Descriptive Statistics

ℹ️ Why It Matters

Descriptive statistics are the foundation of all data analysis. Before running complex models, you must understand the distribution, central tendency, and variability of your data. These summary measures reveal patterns, detect outliers, guide feature engineering, and inform model selection. In machine learning, nearly every preprocessing step — normalization, scaling, outlier removal — relies on descriptive statistics. Without them, you are flying blind.

Overview

Descriptive statistics summarize a dataset with a few meaningful numbers.
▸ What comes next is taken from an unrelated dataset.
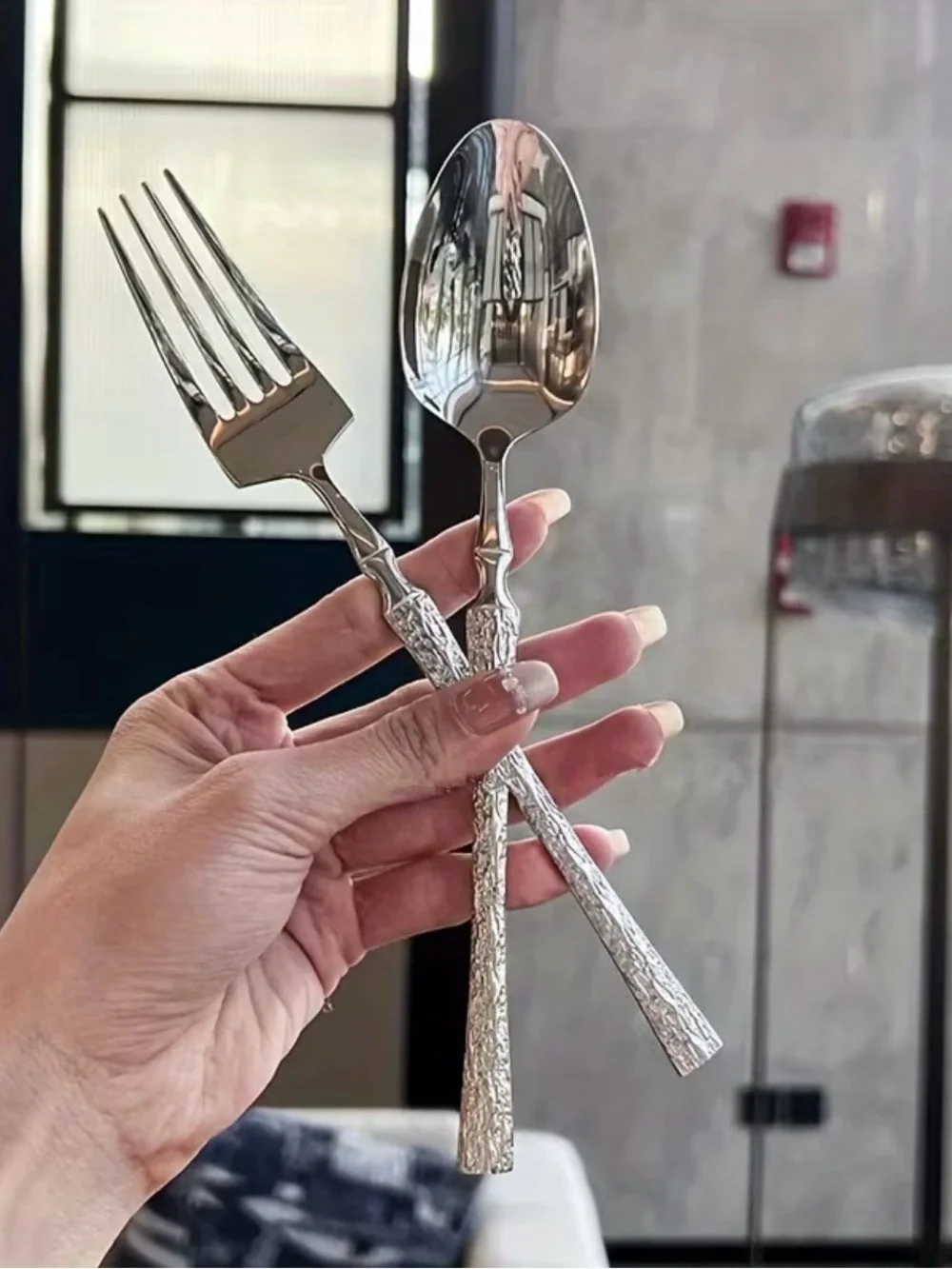16-Piece Silver Textured Flatware Set for 4 Modern Elegant Cutlery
They answer three fundamental questions: Where is the center? How much do values vary? What is the shape? Measures of center (mean, median, mode) identify the typical value. Measures of spread (variance, standard deviation, IQR, range) quantify how dispersed observations are. Measures of shape (skewness, kurtosis) describe asymmetry and tail heaviness. Together, these three pillars give you a complete picture of a distribution. The choice of summary measure depends on the data's distribution shape and the presence of outliers — using the wrong one can be deeply misleading.

Key Concepts

Measures of Center

Arithmetic Mean

\bar{x} = \frac{1}{n}\sum_{i=1}^{n} x_i

Here,

$x_i$ =Each individual observation
$n$ =Total number of observations
$\bar{x}$ =Sample mean (balance point of the data)

The mean uses every data point but is sensitive to extreme values. It minimizes the sum of squared deviations: $\bar{x} = \arg\min_c \sum(x_i - c)^2$ . It is the natural measure for symmetric distributions without outliers.

Median

\tilde{x} = \begin{cases} x_{((n+1)/2)} & \text{if } n \text{ is odd} \\ \frac{x_{(n/2)} + x_{(n/2+1)}}{2} & \text{if } n \text{ is even} \end{cases}

Here,

$x_{(k)}$ =The k-th value in sorted order

The median is the 50th percentile — the value separating the lower half from the upper half. It is robust to outliers and skewed distributions. When the mean is significantly different from the median, the distribution is skewed.

Mode

x^* = \arg\max_x f(x)

Here,

$x^*$ =The most frequent value
$f(x)$ =Probability mass/density function

The mode is the most frequently occurring value. A dataset can have zero, one, or multiple modes. It is especially useful for categorical data where means are undefined.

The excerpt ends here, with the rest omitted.